By RANDY KENNEDYAUG. 3, 2007

IF you’re looking for ways to wax poetic about the New York City subway and the vast planning that went into building it, Ibsen and Shakespeare may not be the first authors who leap to mind, especially as August settles its annual swelter on the tourist-packed platforms. Kafka maybe? Beckett? Dante? De Sade?

But in 1916, in unlikely literary territory — The Public Service Record, a dry periodical about municipal works — a man named Squire J. Vickers, the subway’s chief architect, enlisted Ibsen to defend the new simplicity he was introducing into the designs of the Victorian-era system. “In his ability to omit, he is a past master,” Vickers wrote admiringly of that playwright. Then, in quick succession in the brief article, he made reference to Michelangelo, Millet, the Pharisees, Falstaff, Othello and Horatio and quoted from “Richard II” (“this royal throne of kings, this sceptered isle”).

It was, in short, another era, when the city’s builders still saw themselves as Renaissance men and moral torchbearers. But even in the context of his time Vickers was a dynamo, a grandiloquent eccentric whose other life as a painter often bled over into the subway; his taste in colors and geometric design can be still be seen throughout the system.

For both aesthetic and budgetary reasons Vickers pushed the subway onto a much more pared-down, modern path than that of his Beaux-Arts predecessors. And maybe partly because of this his reputation has always seemed to be stuck somewhere in the tunnel behind them.
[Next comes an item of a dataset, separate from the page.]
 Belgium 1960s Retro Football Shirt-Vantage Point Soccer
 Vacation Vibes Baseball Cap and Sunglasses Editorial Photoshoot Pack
But an exhibition that opened this week at the New York Transit Museum’s gallery in Grand Central Terminal may help to remedy that neglect and place Vickers more firmly among the forces that shaped the look of the city — or at least enormous swaths beneath it — in the 20th century.
Continue reading the main story

The show is the second part of an examination of subway architecture and design; the first part, which closed July 8, focused on the subway’s original designers, George L. Heins and C. Grant LaFarge, whose elaborately ornate subway stations from 1904 continue to be the system’s most recognizable emblems. Organized by Carissa Amash, a Transit Museum curator, the new show, “Squire Vickers and the Subway’s Modern Age,” tells the story of the man who, in almost 30 years as the system’s lead designer, was responsible for building more of today’s subway than any other architect: over 300 stations, many more than any other architect.

The exhibition dusts off samples of the many lushly colored Arts and Crafts influenced mosaics that Vickers and his staff designed in the late teens and 1920s along new lines in Manhattan, Brooklyn, Queens and the Bronx. Their quiltlike geometric abstractions, evoking Piet Mondrian and Sophie Taeuber-Arp, began to put a straight edge to the subway’s swoops and curlicues, its terra-cotta cornucopias and floral medallions.

“There seemed to be really no curves and almost no circles anymore — they just vanished,” Ms. Amash said one recent morning, carrying a pair of white gloves as she walked through the small exhibition space with drawings, pictures and excavated chunks of subway history around her on the walls and floor. (The steam-pipe explosion that burst through the pavement near Grand Central on July 18 happened on the very day the museum was awaiting delivery of many of its exhibits for the show. “It’s been crazy,” Ms. Amash said. “It’s New York.”)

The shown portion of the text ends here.